What this means for Real Estate in Tennessee
Real Estate companies in Tennessee are navigating the intersection of two accelerating trends: the rapid integration of AI tools into property valuation, tenant screening, predictive market analytics, and chatbot lead qualification, and a growing body of state law that places direct obligations on businesses that deploy these systems. Whether you use AI for automated property appraisals or AI-powered tenant screening, the regulatory landscape in Tennessee has concrete implications for how your business must operate today.
ELVIS Act — AI Voice/Likeness is already in effect in Tennessee, which means compliance is a current legal requirement — not a future planning exercise. The law requires ai-generated voice and likeness replicas require consent. strongest protections for artists. For real estate businesses specifically, this obligation is especially significant because AI in real estate intersects with the Fair Housing Act — biased AI tenant screening or pricing tools can create federal as well as state law exposure simultaneously. Businesses found in violation face penalties of Civil damages.
Within the real estate sector, AI systems commonly scrutinized by regulators include automated valuation models (AVMs), AI tenant screening platforms, predictive analytics tools, AI-powered property search, and chatbot lead qualification systems. TN regulators have called out AI bias in tenant screening and automated property valuations as areas of elevated concern under ELVIS Act. Importantly, these requirements apply regardless of whether a business built the AI system internally or purchased it from a third-party vendor — organizations that deploy AI bear compliance responsibility for the systems they use.
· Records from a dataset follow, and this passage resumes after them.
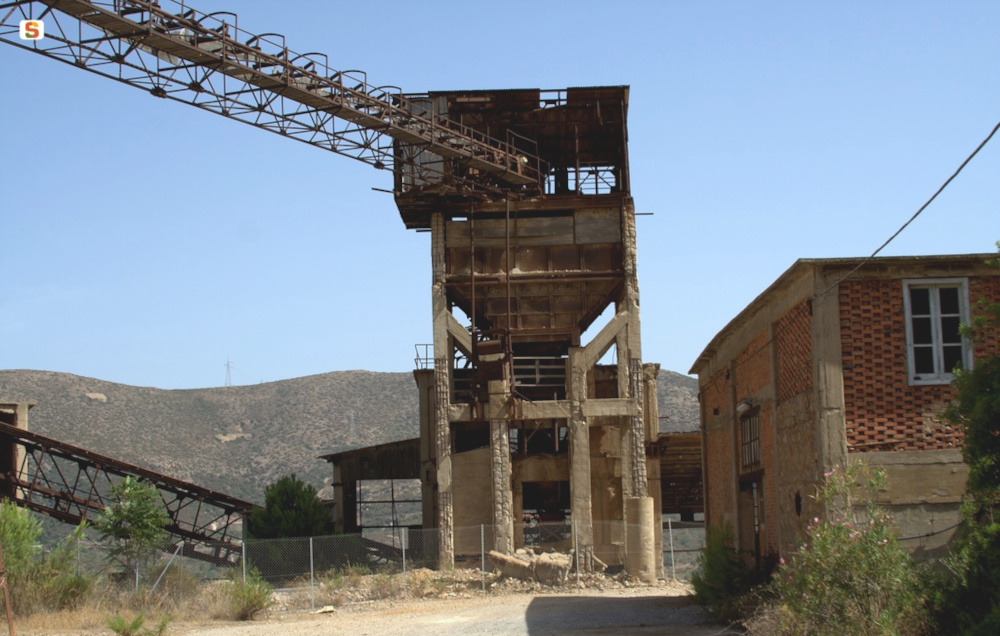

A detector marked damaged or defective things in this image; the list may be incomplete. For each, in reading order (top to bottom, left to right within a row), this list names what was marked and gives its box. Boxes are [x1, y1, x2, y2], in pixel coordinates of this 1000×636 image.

rusty metal truss [0, 0, 544, 196]
rusty metal truss [0, 422, 250, 568] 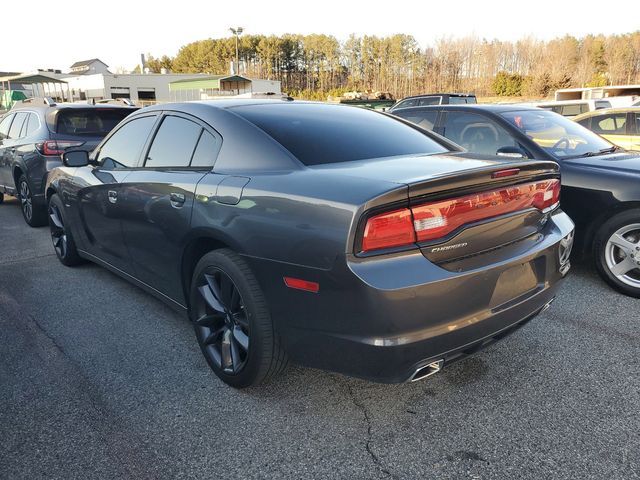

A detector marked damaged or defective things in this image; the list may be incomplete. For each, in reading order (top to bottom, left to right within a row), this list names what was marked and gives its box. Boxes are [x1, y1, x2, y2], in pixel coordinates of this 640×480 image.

cracked pavement [0, 196, 636, 480] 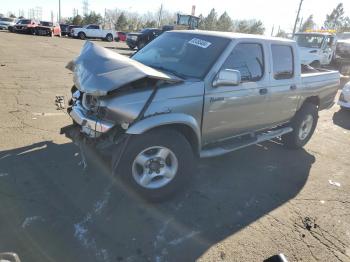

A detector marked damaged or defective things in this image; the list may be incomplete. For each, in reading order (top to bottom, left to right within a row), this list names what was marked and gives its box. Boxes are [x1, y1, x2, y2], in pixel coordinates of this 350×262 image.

The sector risk classification for Real Estate is High, reflecting the reality that fair housing violations stemming from AI produce both state AI law liability and federal civil rights exposure under the Fair Housing Act. AI property valuation and tenant screening must comply with Fair Housing Act plus state AI bias mandates. In Tennessee, businesses that process property records, tenant applications, credit data, and market transaction histories through automated decision systems face the greatest exposure. The law's scope, however, typically captures a broad range of operators — not just large incumbents — so smaller real estate businesses should not assume they are below the regulatory threshold.
The most effective starting point for real estate businesses in Tennessee is an AI inventory: a documented list of every AI system in use, the decisions it influences, and whether those decisions affect individuals in ways the law covers. From there, companies typically need written disclosure notices, a designated internal owner for AI compliance, and a regular review cadence to track the technology and regulatory landscape as both continue to evolve. Disclosure and documentation requirements are often achievable in a matter of weeks; technical controls around bias testing and impact assessment require longer runway. Given Tennessee's active enforcement environment, the time to begin is now.
Tennessee Real Estate deep dive
By company size
AI laws for Real Estate in other states
Sources verified against official .gov filings · Last verified Apr 22, 2026.